Bind it like any other layer: globally with use_exception_filters_global([exception_filter::<DomainErrorFilter>()]), on a controller with #[use_exception_filters(DomainErrorFilter)], or beside a verb.

Both Filter and ExceptionFilter are Layers, so the dedup story matches every other layer kind: a global declaration and a per-scope redeclaration collapse to one execution.

  • ExceptionFilter rides the RouteShaper chain (global + controller + method scopes resolved through compose_chain), so the dedup covers every pair of scopes — including controller + method without a global in play.
  • Filter dedups against the global chain at mount time: a controller- or method-scope wrap is skipped when its TypeId is already seeded as Global, and the transport-level HttpInterceptorMeta wrap carries the single execution. With no global in play the per-scope wraps still nest, but the inner wrap rewrites the error to a successful Response, so the outer wrap only ever sees the success path — net effect, one execution.

The same defense-in-depth rationale as guards applies: a portable controller that needs a domain filter should redeclare it, the dedup keeps the cost at zero.

Filter and ExceptionFilter are not the same slot — see Guards / Ordering inside a route for the full nesting diagram.

Filter (#[use_filters]) wraps the handler endpoint. On the success path it is transparent — it delegates straight inward. On the error path it maps poem::Error to a Response. Per-route, inner → outer:

handler → ability shaper → per-route interceptors → per-route filters → RouteShaper → meta

So per-route Filter sits inside the RouteShaper guards. A guard denial never reaches it — guards short-circuit with a typed Denial before next.run.

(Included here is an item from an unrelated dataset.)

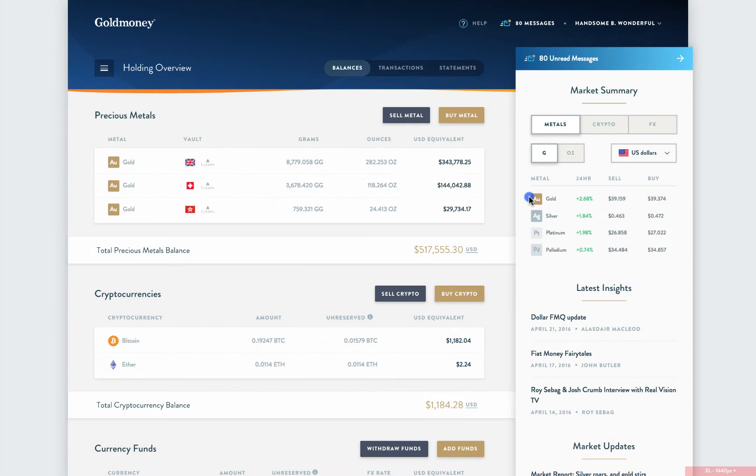Hi, Will from GoldMoney here, and in this video, I'll show you how to withdraw funds from your GoldMoney holding using a bank wire.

Global Filter (use_filters_global) wraps outside global guards and therefore sees errors from the whole inner tree — handler, guards, interceptors.

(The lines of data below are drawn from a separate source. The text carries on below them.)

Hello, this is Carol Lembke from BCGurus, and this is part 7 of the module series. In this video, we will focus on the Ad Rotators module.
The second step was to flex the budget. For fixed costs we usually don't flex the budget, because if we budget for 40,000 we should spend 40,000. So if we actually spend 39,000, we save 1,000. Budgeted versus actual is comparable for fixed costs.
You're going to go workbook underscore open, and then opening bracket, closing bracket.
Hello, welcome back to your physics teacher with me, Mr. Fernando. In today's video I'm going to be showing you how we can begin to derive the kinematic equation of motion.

ExceptionFilter does not use that endpoint wrap. It runs inside RouteShaper after next.run returns Err, attempting typed downcasts before the error bubbles to outer Filter wraps.

Error path (inner → outer): handler Err → ability shaper → per-route interceptors → per-route FilterRouteShaper exception filters → global Filter → global interceptors (post-handler, e.g. transaction commit).

LayerWhere it livesWhen to reach for it
ResponseError on an error typeFramework crate that owns the error (nest-rs-seaorm, nest-rs-authn), or <feature>/error.rs for a domain-specific variantDefault. Every handler returning that error gets the same mapping
ExceptionFilterA providerThe mapping depends on the error typeDomainError → 422 even when the surrounding handler returns poem::Error for everything else
#[use_filters(F)]A providerThe mapping depends on the route — a debug endpoint, a special status, a custom body envelope

Reach for ResponseError first. An ExceptionFilter earns its keep when the behaviour follows a concrete error type across many routes; a Filter when it follows a single route shape independent of the error.

A small filter-only case: validation envelopes

Section titled “A small filter-only case: validation envelopes”

The framework’s pipe error renderer already returns:

{ "statusCode": 400, "error": "Bad Request", "message": "...", "details": { /* ... */ } }

If your API uses a different envelope ({ ok: false, error: { ... } }), write one filter that intercepts the error path and re-renders, bind it globally. The error itself stays pure.